The main insight is that we can encode the Interval type and the Path type as
Self-encodings that refer to each other. The Interval type is like a boolean,
but with an extra constructor of type i0 == i1 forcing that, in order to
eliminate an interval, both cases must be equal. The Path type proposes that
two values a, b : A are equal if there exists a function t : I -> A such
that t(i0) = a and t(i1) = b. In other words, it is the equivalent of:
data I : Set where
i0 : I
i1 : I
ie : Path A i0 i1
data Path (A: I -> Set) : (A i0) -> (A i1) -> Set where
abs : (t : (i: I) -> A i) -> Path A (t i0) (t i1)Here is it:
// The Interval type:
// Γ ⊢
// ------------
// Γ ⊢ I : Type
I: Type
i(P: I -> Type) ->
(i0: P(i0)) ->
(i1: P(i1)) ->
(ie: Path(P, i0, i1)) ->
P(i)
// The i0 interval:
// Γ ⊢
// ----------
// Γ ⊢ i0 : I
i0: I
(P, i0, i1, ie) i0
// The i1 interval:
// Γ ⊢
// ----------
// Γ ⊢ i1 : I
i1: I
(P, i0, i1, ie) i1
// Interval equality:
// Γ ⊢
// -----------------
// Γ ⊢ ie : i0 == i1
ie: Path((i) I, i0, i1)
(P, abs) abs((i) i)
// The Path type:
// Γ, i : Type ⊢ A(i) : Type
// Γ ⊢ a : A(i)
// Γ ⊢ b : A(i)
// -------------------------------
// Γ ⊢ Path(A, a, b) : Type
Path(A: I -> Type, a: A(i0), b: A(i1)) : Type
path(P: (a: A(i0)) -> (b: A(i1)) -> Path(A, a, b) -> Type) ->
(abs: (t: (i:I) -> A(i)) -> P(t(i0), t(i1), Path.abs(A, t))) ->
P(a, b, path)
// Path abstraction:
// Γ ⊢ A Γ, i : I ⊢ t : A
// ---------------------------------
// Γ ⊢ (i) t : Path(A, t(i0), t(i1))
Path.abs (A: I -> Type) (t: (i:I) -> A(i)): Path(A, t(i0), t(i1))
(P, abs) abs(t)
// Path application:
// Γ ⊢ e : Path(A, a, b)
// Γ ⊢ i : I
// ---------------------
// Γ ⊢ e(i) : A
app(A: I -> Type, a: A(i0), b: A(i1), e: Path(A, a, b), i: I): A(i)
i(A, a, b, e)
// Path left:
// Γ ⊢ a : A
// Γ ⊢ b : B
// Γ ⊢ e : Path A a b
// --------------------------
// Γ ⊢ p0(a,b,e) : e(i0) == a
p0(A: Type, a: A, b: A, P: A -> Type, e: Path((i) A,a,b), p: P(app((i) A,a,b,e,i0))): P(a)

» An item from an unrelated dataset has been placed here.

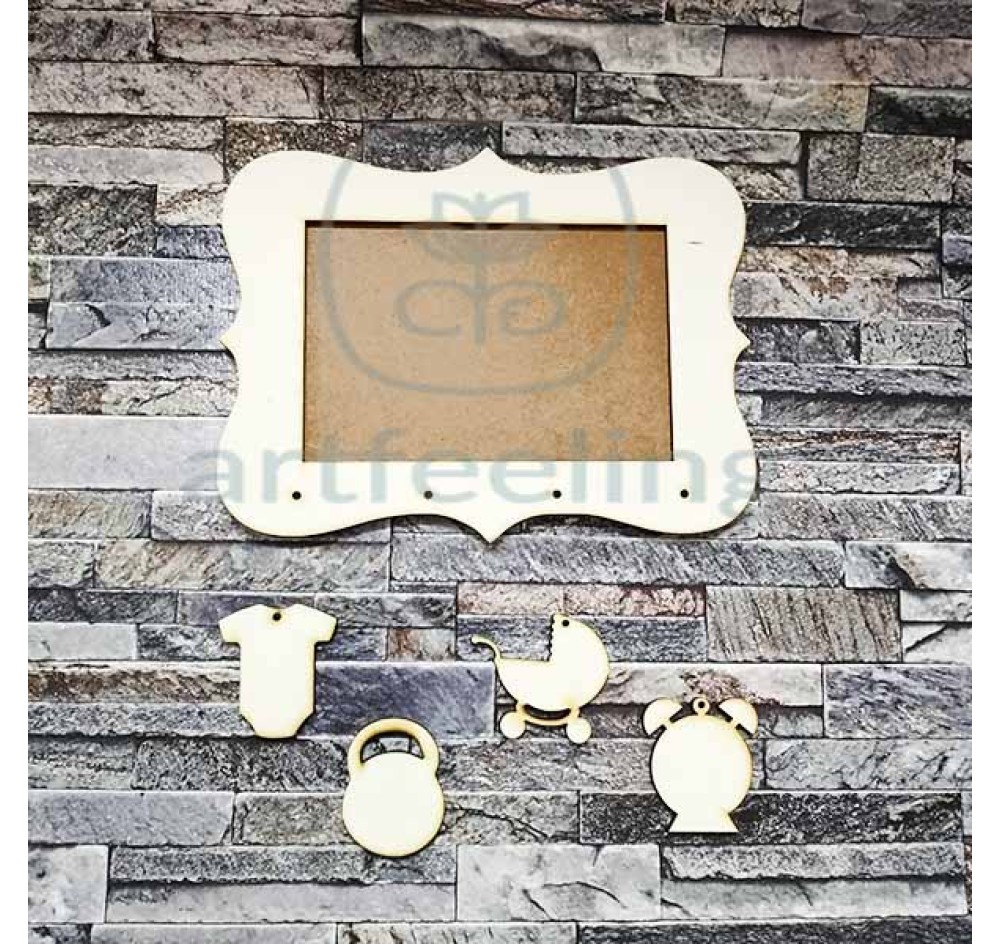 RAMA FOTO CU DATELE COPILASULUI 21X16 CM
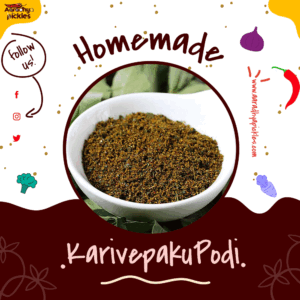 Aaradhya Pickles Karivepaku-Podi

e((x, y, e) P(app((i) A,x,y,e,i0)) -> P(x), (t) (p) p, p)
// Path right:
// Γ ⊢ A : Type
// Γ ⊢ a : A
// Γ ⊢ b : B
// Γ ⊢ e : Path A a b
// --------------------------
// Γ ⊢ p1(a,b,e) : e(i1) == b
p1(A: Type, a: A, b: A, P: A -> Type, e: Path((i) A,a,b), p: P(app((i) A,a,b,e,i1))): P(b)
e((x, y, e) P(app((i) A,x,y,e,i1)) -> P(y), (t) (k) k, p)
// Path reflexivity:
// refl : ∀ {ℓ} {A : Set ℓ} {x : A} → Path A x x
// refl {x = x} = λ i → x
refl(A: Type, x: A): Path((i) A, x, x)
(P, abs) abs((i) x)
// Path congruence:
// cong : ∀ {ℓ} {A : Set ℓ} {x y : A} {B : A → Set ℓ} (f : (a : A) → B a) (p : x ≡ y) → PathP (λ i → B (p i)) (f x) (f y)
// cong f p i = f (p i)
cong
(A: Type) ->
(B: A -> Type) ->
(x: A) ->
(y: A) ->
(f: (a: A) -> B(a)) ->
(p: Path((i) A, x, y)) ->
: Path((i) B(app((i) A, x, y, p, i)), f(x), f(y))

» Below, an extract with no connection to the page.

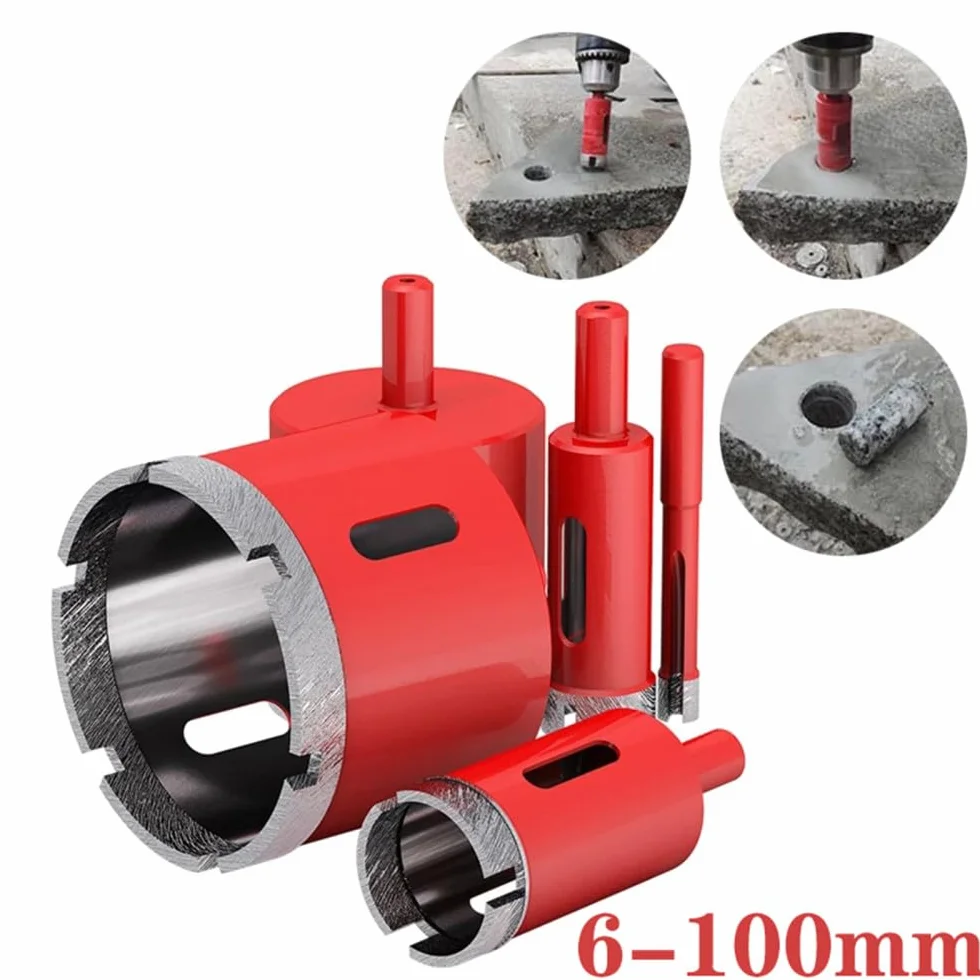 Wiertło rdzeniowe diamentowe, Otwornica diamentowa 6-100 mm do marmuru, granitu, cegły, płytek, ceramiki, betonu(95mm)
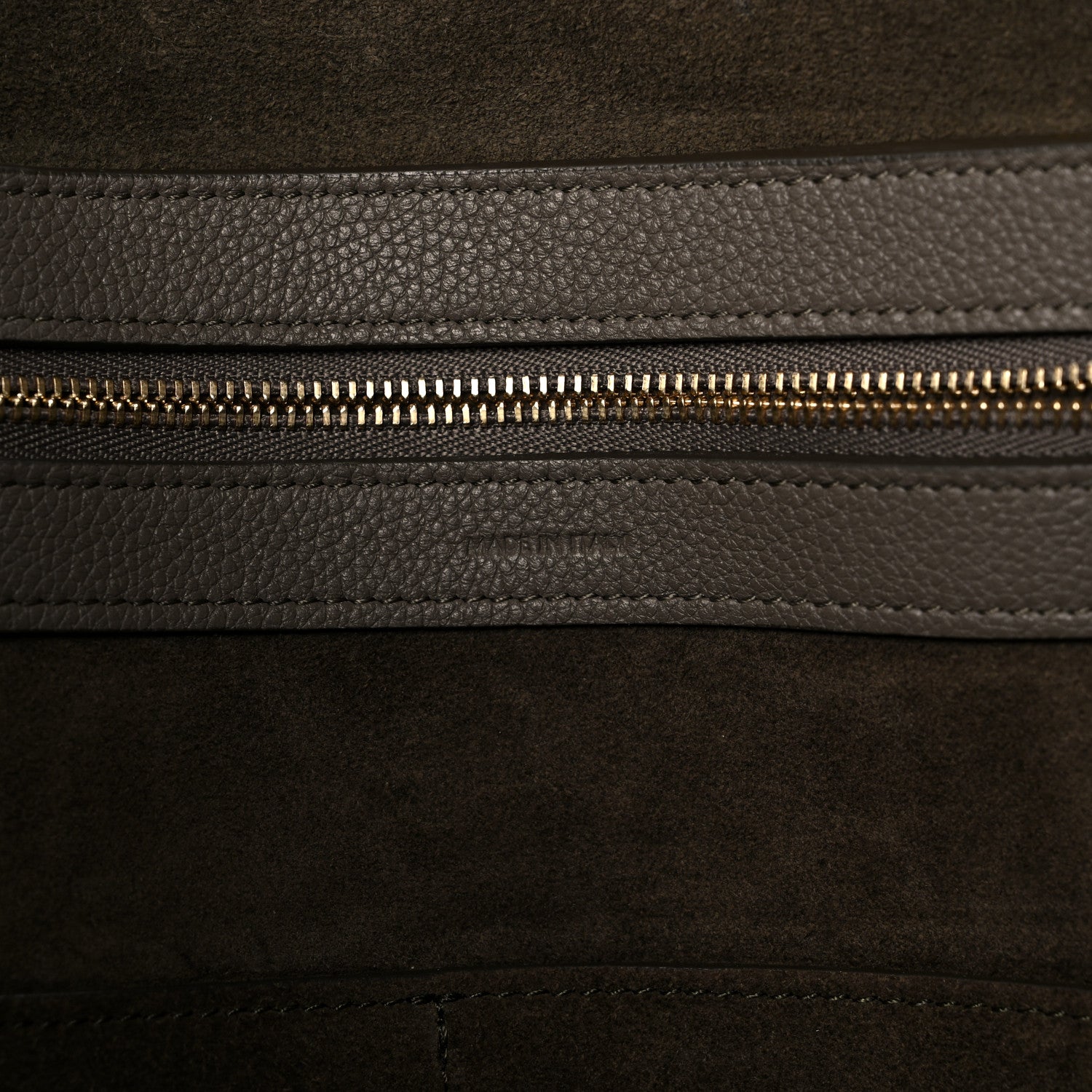 Celine Soft Grained Calfskin Small Belt Cabas Phantom Taupe 7 of 11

(P, abs) abs((i) f(app((i) A, x, y, p, i)))
// Path symmetry: (TODO: depends on `neg`)
// sym : ∀ {ℓ} {A : Set ℓ} {x y : A} → x ≡ y → y ≡ x
// sym p = λ i → p (~ i)
// Examples
type Bool {
true
false
}
// We can prove that `true = true` by using a constant
tt0: Path((i) Bool, Bool.true, Bool.true)
Path.abs((i) Bool, (i) Bool.true)
// We can prove that `true = true` by pattern-matching
tt1: Path((i) Bool, Bool.true, Bool.true)
Path.abs((i) Bool, (i)
case i {
i0: Bool.true
i1: Bool.true
ie: refl<Bool>(Bool.true)
}
// We can't prove that `true = false`!
// The fact that the images of two equal elements are equal:
// Γ ⊢ a : A
// Γ ⊢ b : A
// Γ ⊢ f : A → B
// Γ ⊢ p : Path A a b
// -------------------------------------
// Γ ⊢ Path.abs((i) f (p i)) : Path B (f a) (f b)

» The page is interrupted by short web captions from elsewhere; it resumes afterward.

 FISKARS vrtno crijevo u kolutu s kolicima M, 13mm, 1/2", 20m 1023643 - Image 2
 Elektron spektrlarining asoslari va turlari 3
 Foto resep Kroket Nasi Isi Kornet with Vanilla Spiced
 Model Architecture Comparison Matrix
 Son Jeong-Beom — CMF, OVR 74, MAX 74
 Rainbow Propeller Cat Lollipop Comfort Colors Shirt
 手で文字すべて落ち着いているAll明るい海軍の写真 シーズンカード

img(A: Type, B: Type, a: A, b: A, f: A -> B, p: Path((i) A, a, b)): Path((i) B, f(a), f(b))
Path.abs((i) B, (i) f(app((i) A,a,b,p,i)))
// Function extensionality:
// Note that this is eta-expanded as `(x) f(x) = (x) g(x)` because Formality
// doesn't eta-reduce for performance and code-simplicity reasons, but this
// could easily be added to the language to have `f = g`.
funext
(A: Type) ->
(B: A -> Type) ->
(f: (x: A) -> B(x)) ->
(g: (x: A) -> B(x)) ->
(h: (x: A) -> Path((i) B(x), f(x), g(x))) ->
: Path((i) (x: A) -> B(x), (x) f(x), (x) g(x))
Path.abs((i) (x:A) -> B(x))((i) (x) app((i) B(x), f(x), g(x), h(x), i))Sadly, while we can prove funext for this type, we can't prove transp, even
though it is true. Finding a simple way to extend Kind's core language to allow
transp to be proved internally is another open problem.